Allen said in the motion Mitchell, who had a lengthy criminal record that included several felony convictions for selling drugs, would have known the amount of drugs he was found with during the traffic stop could send him to prison for decades. The prosecutor implied Mitchell's history may have influenced his interaction with Wilkey.

(READ MORE: Hamilton County Deputy Daniel Wilkey formally resigns amid criminal investigation, lawsuits)

"Crimes of violence and crimes of dishonesty are both among his history," Allen wrote.

Video shows deputies, including Wilkey, repeatedly beating Mitchell, pulling his pants down and reaching into his groin and bottom area for about two minutes before pulling out a plastic baggie.

"I would remind the public that there is no use of force that looks good," Garrett, the sheriff, said of the video Friday. "But you got to slow it down, and you have to look at all the facts and circumstances. ... A use of force can be somewhat excessive, but it doesn't make it criminal. Everybody's human. Everybody makes mistakes."

In his motion to dismiss, Allen said "most custodial arrests that police make require some sort of lawful assault or battery on the arrestee."

Garrett said he's unsure what that assertion is based on and did not know if that was true for the Sheriff's Office.

Mitchell's case prompted Pinkston, then the district attorney, to pull hundreds of hours of dash camera footage from Wilkey's patrol car for review.
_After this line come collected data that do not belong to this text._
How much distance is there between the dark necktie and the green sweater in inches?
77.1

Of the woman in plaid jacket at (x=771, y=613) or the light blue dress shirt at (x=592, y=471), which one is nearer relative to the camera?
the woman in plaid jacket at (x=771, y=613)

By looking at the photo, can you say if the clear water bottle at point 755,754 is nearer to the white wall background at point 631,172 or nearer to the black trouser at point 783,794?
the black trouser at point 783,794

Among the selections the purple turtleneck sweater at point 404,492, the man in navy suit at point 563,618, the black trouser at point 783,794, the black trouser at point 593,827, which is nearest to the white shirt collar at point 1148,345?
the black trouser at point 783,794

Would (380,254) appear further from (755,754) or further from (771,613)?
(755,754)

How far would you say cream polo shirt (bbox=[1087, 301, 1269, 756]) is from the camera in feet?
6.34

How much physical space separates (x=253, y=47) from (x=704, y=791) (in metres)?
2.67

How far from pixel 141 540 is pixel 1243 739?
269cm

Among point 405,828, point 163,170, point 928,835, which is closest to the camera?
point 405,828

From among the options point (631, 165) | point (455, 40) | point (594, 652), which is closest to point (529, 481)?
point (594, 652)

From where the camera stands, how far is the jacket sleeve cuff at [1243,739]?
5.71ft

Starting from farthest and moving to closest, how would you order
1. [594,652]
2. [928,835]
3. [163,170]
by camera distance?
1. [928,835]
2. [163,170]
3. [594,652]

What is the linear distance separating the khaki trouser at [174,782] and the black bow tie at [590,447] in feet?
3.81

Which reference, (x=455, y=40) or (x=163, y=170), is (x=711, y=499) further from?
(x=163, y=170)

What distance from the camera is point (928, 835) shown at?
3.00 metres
That review, Pinkston said Friday, came after repeated complaints about Wilkey from the community.

"The James Mitchell arrest on July 10, 2019, was the catalyst behind the entire indictment in this case," the dismissal motion states.

OTHER ALLEGATIONS

After Mitchell's allegations became public, Shandle Riley filed a complaint with the Sheriff's Office about the alleged forced baptism that Wilkey performed on her during a traffic stop earlier in 2019.
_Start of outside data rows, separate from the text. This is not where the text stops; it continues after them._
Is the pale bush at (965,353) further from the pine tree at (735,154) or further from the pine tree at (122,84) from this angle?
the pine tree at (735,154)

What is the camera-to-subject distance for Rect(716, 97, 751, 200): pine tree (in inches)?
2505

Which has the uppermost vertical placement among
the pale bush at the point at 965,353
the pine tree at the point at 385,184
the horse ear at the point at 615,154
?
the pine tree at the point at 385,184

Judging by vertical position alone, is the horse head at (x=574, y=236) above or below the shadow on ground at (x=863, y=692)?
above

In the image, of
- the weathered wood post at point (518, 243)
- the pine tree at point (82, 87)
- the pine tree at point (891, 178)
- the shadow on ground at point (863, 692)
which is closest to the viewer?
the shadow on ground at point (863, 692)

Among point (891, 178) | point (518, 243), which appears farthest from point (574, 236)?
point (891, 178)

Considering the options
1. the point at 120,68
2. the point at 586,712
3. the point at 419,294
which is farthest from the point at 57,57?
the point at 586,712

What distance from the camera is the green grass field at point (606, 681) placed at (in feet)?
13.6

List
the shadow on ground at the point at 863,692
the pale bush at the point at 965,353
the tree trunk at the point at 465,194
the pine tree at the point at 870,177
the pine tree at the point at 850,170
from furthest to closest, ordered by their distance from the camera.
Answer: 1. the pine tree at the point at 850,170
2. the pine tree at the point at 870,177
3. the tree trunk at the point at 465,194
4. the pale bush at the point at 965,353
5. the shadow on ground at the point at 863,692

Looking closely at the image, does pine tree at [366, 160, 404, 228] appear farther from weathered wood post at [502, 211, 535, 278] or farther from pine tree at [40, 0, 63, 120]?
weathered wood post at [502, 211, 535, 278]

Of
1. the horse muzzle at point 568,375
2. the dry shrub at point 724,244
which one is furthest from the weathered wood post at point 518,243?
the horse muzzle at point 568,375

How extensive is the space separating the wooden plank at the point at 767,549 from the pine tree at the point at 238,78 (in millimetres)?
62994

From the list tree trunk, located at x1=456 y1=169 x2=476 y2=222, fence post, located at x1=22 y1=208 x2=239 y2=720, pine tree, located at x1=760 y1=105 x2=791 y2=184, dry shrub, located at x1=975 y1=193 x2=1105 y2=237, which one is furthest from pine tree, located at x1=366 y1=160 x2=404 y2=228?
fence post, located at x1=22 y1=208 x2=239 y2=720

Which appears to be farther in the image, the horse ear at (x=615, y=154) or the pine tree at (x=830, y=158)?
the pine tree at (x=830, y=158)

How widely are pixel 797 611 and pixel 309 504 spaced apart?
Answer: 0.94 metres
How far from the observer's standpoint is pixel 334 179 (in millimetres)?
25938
After admitting to having a marijuana roach in her car, Riley said in federal court filings that Wilkey offered to baptize her in exchange for writing her a citation he said would let her avoid jail time. Another deputy recorded the baptism on his cellphone, court documents state.

Riley's federal lawsuit alleged she was coerced and that Wilkey stripped to his underwear before performing the baptism. In court filings, Wilkey said Riley asked to be baptized and denied making any deal with her about the citation.

(READ MORE: Former Hamilton County deputy Daniel Wilkey admits to baptizing woman, claims it was her idea)

Allen said in the dismissal motion Wilkey made a poor decision to baptize Riley but violations of freedom of religion are not a prosecutable crime.

Riley and Mitchell filed their civil lawsuits against Wilkey within five days of each other in the fall of 2019, court filings show. In December, two more alleged victims also filed separate suits after Wilkey was indicted on criminal charges.

One, Kelsey Wilson, alleged Wilkey touched her inappropriately during a 2018 traffic stop after he smelled marijuana in the car. She also alleged that Wilkey stalked her, pulling her over 15 to 20 times in a 10-month period and touching her inappropriately during multiple searches.

Prosecutors said there is no video evidence from Wilkey's car of those stops and said that Wilson did not speak about her allegations with law enforcement or prosecutors until Mitchell's case was filed.

The final alleged victim, Maxwell Jarnagin, accused Wilkey of touching his groin during a traffic stop during which Jarnagin's father was found with methamphetamine. Jarnagin alleged the search was too long for the circumstances, which prosecutors say is a civil issue, not a criminal charge.